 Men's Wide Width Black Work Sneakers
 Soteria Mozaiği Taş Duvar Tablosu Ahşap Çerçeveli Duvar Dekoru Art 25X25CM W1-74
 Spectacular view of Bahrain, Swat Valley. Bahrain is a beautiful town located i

* * *

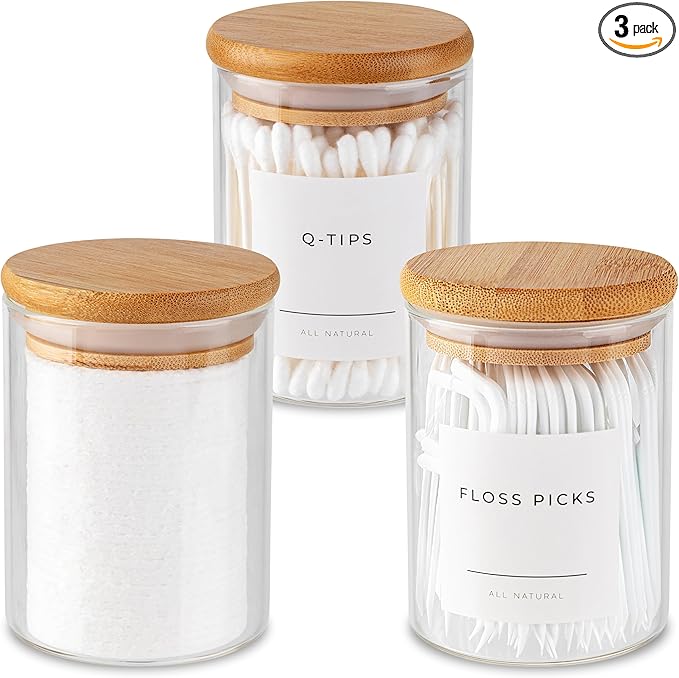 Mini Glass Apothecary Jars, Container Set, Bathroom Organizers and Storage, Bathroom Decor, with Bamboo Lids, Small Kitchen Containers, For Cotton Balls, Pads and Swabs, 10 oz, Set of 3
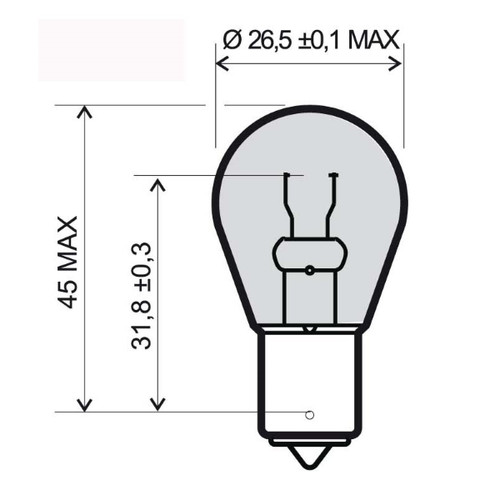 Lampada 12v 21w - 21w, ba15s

...

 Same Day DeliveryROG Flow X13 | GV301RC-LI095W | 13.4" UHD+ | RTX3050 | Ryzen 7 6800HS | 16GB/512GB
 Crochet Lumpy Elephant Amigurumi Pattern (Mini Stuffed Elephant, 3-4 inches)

### Problem details
Please set down, exactly and with no pictures, the lines in the entries above starting at the one holding "Mini Glass Apothecary" and ending at the one holding "Lampada 12v 21w - 21w, ba15s", ends included.

### The answer
 Mini Glass Apothecary Jars, Container Set, Bathroom Organizers and Storage, Bathroom Decor, with Bamboo Lids, Small Kitchen Containers, For Cotton Balls, Pads and Swabs, 10 oz, Set of 3
 Lampada 12v 21w - 21w, ba15s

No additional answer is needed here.